The New Era of Marketing Is Consumer-First — Not Just Influencer-Driven
- Anggie Salazar
- Jun 30
- 3 min read

In a marketing world obsessed with influencers, high-profile launches, and curated aesthetics, something refreshing just happened. Mikayla Nogueira — beauty creator turned founder — launched her brand POV Beauty with an event that did the unthinkable:
She didn’t invite influencers. She didn’t chase hype. She didn’t try to impress the industry.
Instead, she invited her followers. The people who built her. The ones who’ve followed her journey through acne breakouts, makeup tutorials, and deeply personal moments. The ones who made POV Beauty possible.
This wasn’t just a brand launch — it was an audience-first cultural moment. And it speaks volumes about where marketing is headed.
The New Era of Marketing Is Consumer-First — Not Just Influencer-Driven
Mikayla’s decision reflects a growing trend among challenger brands and innovative marketers: prioritizing connection over clout.
For years, marketers built launches for buzz. PR lists, influencer kits, curated stories. But somewhere along the way, we started confusing reach with relevance. And that’s what brands are now waking up to.
Today's most effective marketing doesn’t just look authentic — it is.
It’s built on empathy, insight, and participation. Not performance. It centers on the people who actually buy, use, and live with the product. And in Mikayla’s case, it reflects a deep understanding of her community — one that values realness over polish, vulnerability over perfection.
What the Mikayla Model Gets Right (That Many Brands Still Miss)
Let’s break it down:
✅ Audience Insight Over Industry Approval POV Beauty was designed around real needs — not marketing buzzwords. This shows what happens when you actually listen to your community and treat them as co-creators, not just end-users.
✅ Belonging as a Brand Experience Her event didn’t feel like a red carpet. It felt like a reunion. That emotion — the feeling of being seen — builds deeper brand loyalty than any influencer post ever could.
✅ Anti-Performance Authenticity By stripping away industry performativity, Mikayla delivered a message loud and clear: “This brand is for you, not them.” And in 2025, that is a radical act.
What It Means for Brands Today
What Mikayla is doing isn’t niche — it’s the blueprint.
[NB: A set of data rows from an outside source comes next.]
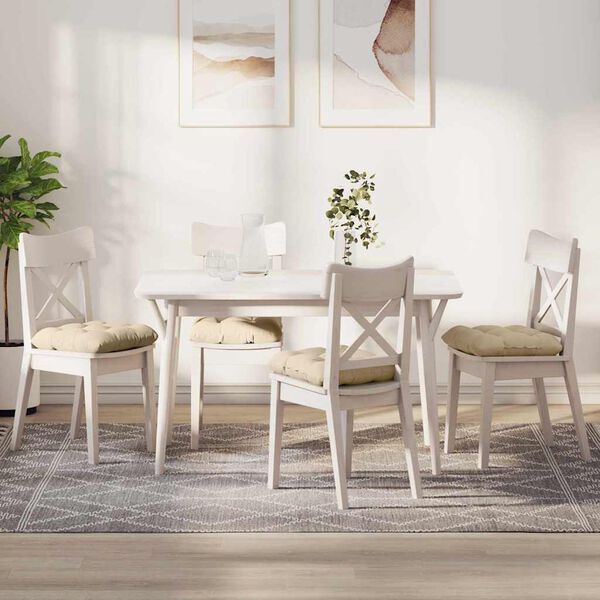 vidaXL Seat Cushions 4 pcs Cream 45 x 45 cm Microfibre Fabric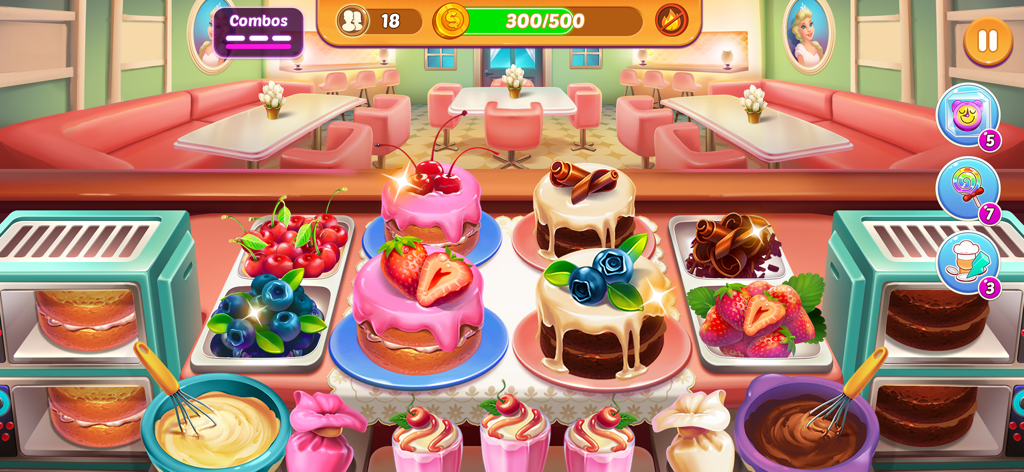 Kitchen Craze Cooking Games - Gameplay screenshot of Kitchen Craze showing a colorful dessert bakery with decorated fruit cakes and baking stations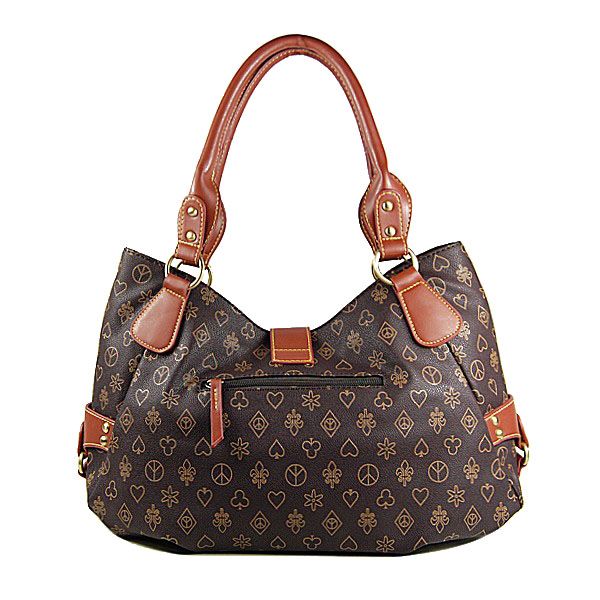 Fashion Designer Inspired Faux Leather Hobo Handbag Purse Brown  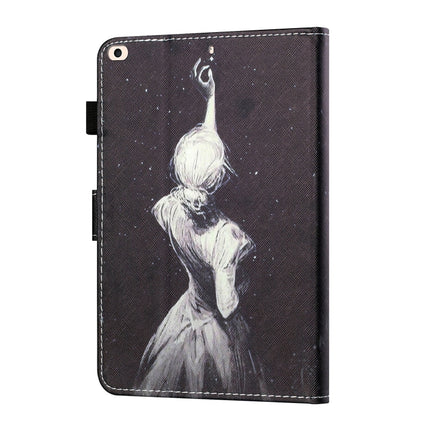 Sewing Thread Horizontal Painted Flat Leather Case with Pen Cover & Anti Skid Strip & Card Slot & Holder & Sleep / Wake-up Function For iPad Mini 5 / 4 / 3 / 2 / 1(Star Girl)-garmade.com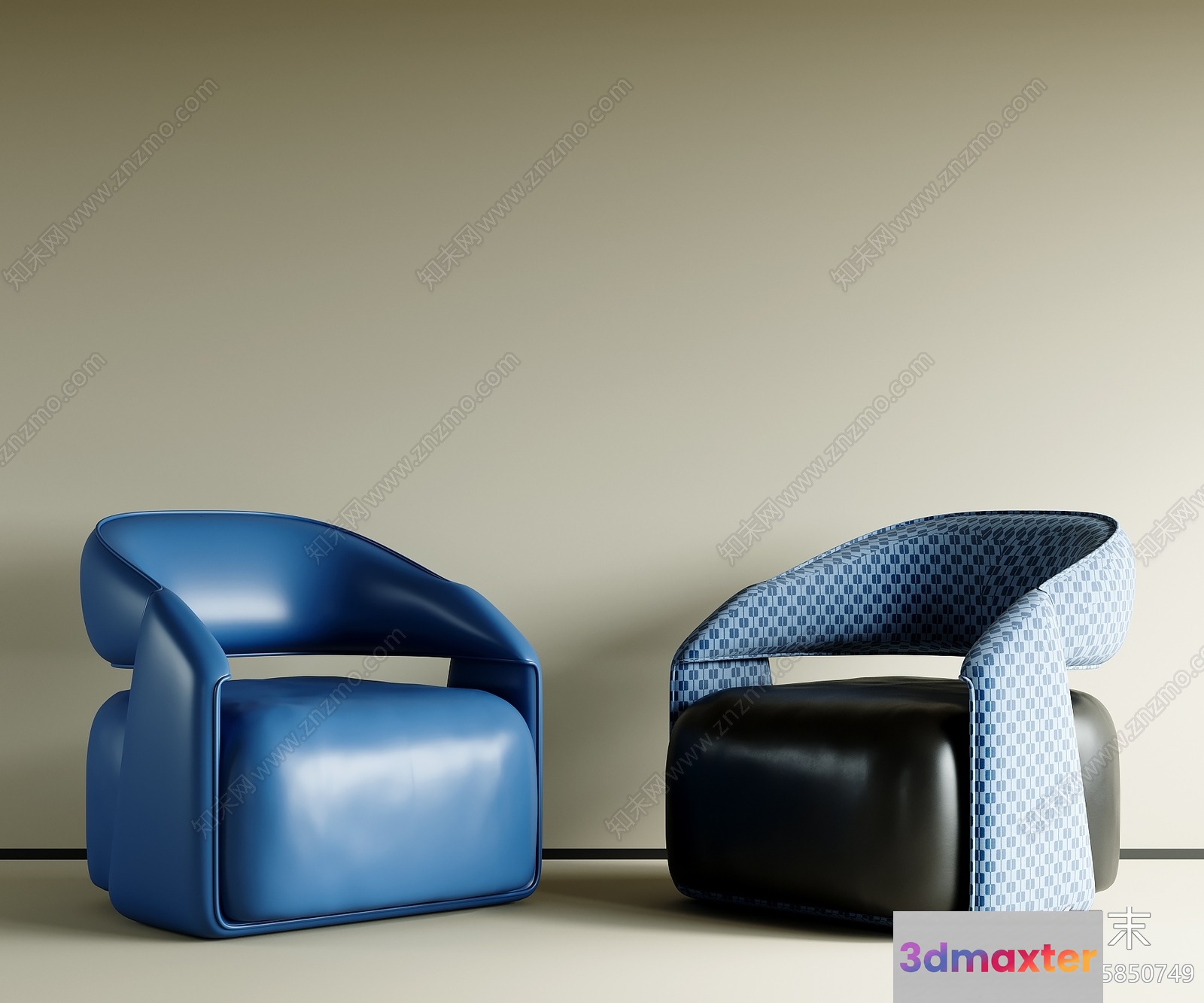 Blue And Black Chairs 3D Model - 9917 - VRAY Render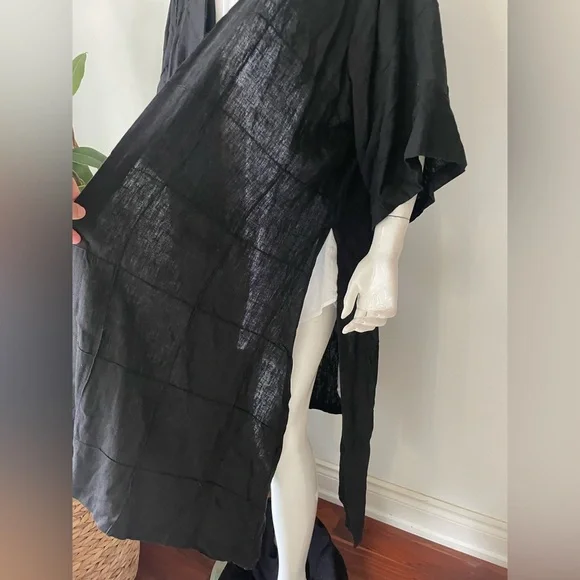 kaliyana Black Women's Kimono Jacket linen blend medium / large - Picture 2 of 7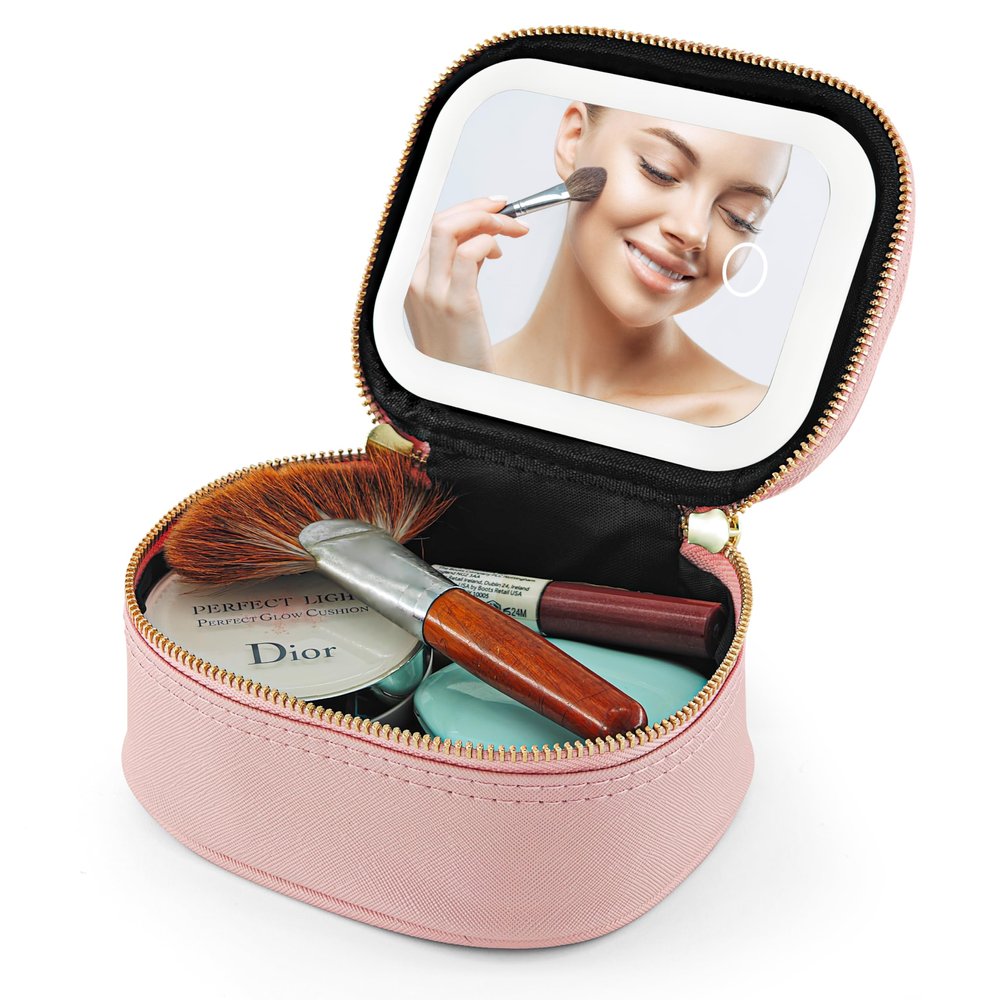 Elitzia Mini Cosmetic Bag with Lighted Mirror, Portable PU Leather Travel Makeup Organizer, Waterproof, 3 Light Modes, Detachable Rechargeable LED Mirror, Pink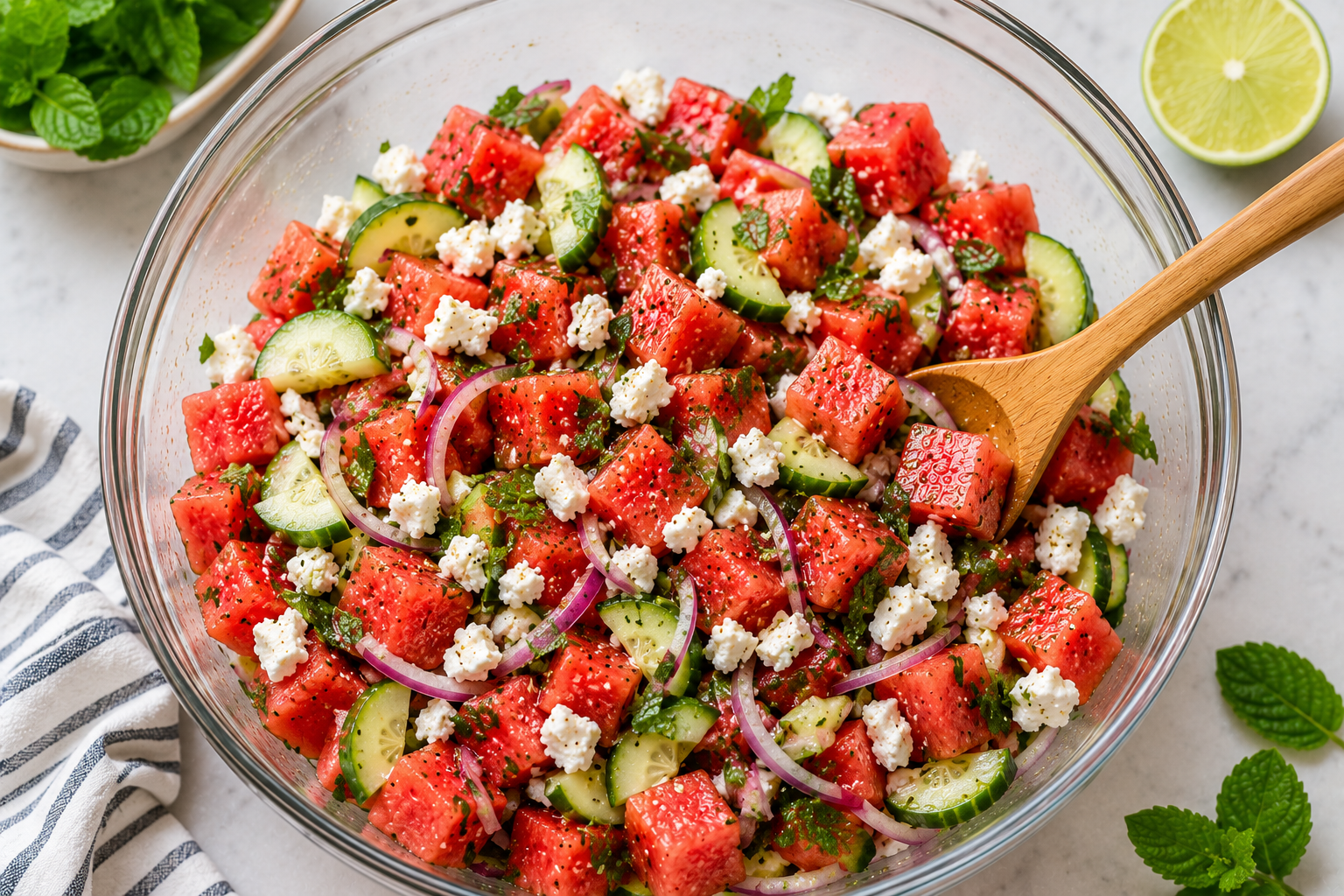 Watermelon Feta Mint Salad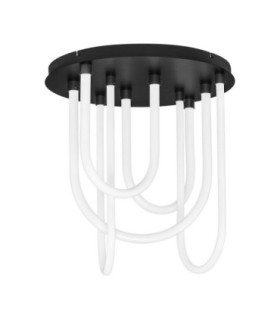 Topaz Integrated LED Semi Flush Ceiling Light Matt Black Triac Dimmable LED 55W 3850lm 3000K-1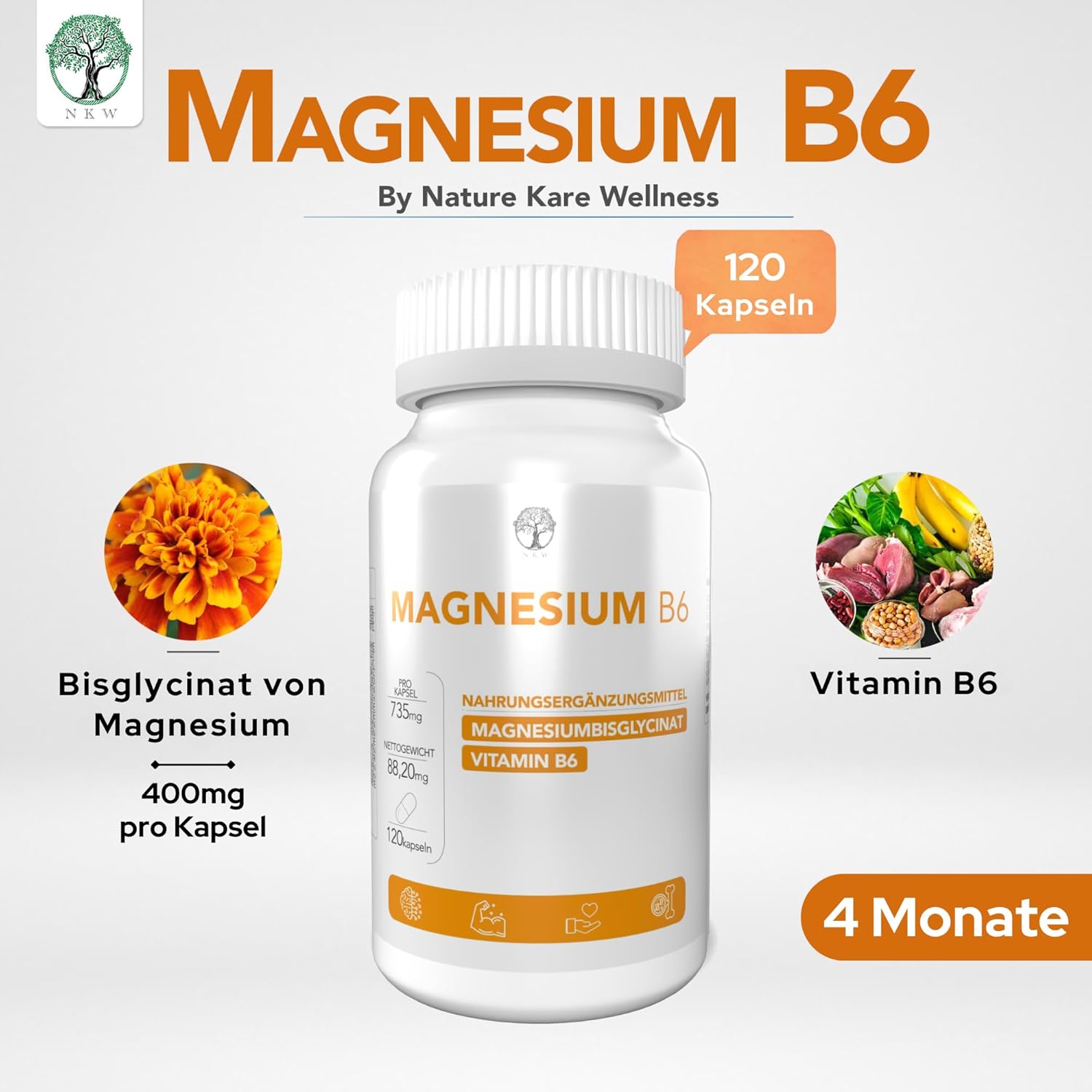 Magnesium 400 mg – Magnesium Bisglycinate Capsules + Vitamin B6 Magnesium Bisglycinate 400 mg Complex Magnesium High Dose Capsules Natural Elements – Bild 2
More consumers, especially Gen Z and multicultural audiences, are tired of being talked at. They want to be brought in. And as DEI shifts from being a checkbox to a creative core, brands that build with cultural intelligence will lead.
That’s why at CROING, we don’t just market to audiences — we create with them. From the start, we’ve embedded multicultural insights into every part of strategy and storytelling. Because authentic connection can’t be reverse-engineered after the campaign brief. It has to be baked in from the beginning.
We ask:
What does your audience believe in?
How do they speak, live, and share stories?
What kind of space does your brand give them to show up fully?
These are the questions that move marketing from transactional to transformational.
The Takeaway
Mikayla’s launch wasn’t just innovative — it was deeply human.
It reminds us that marketing at its best isn’t about broadcasting louder — it’s about listening better. And the brands that rise today will be the ones who build with, not just for, the people they serve.
Because when your audience feels seen, they don’t just engage — they stay.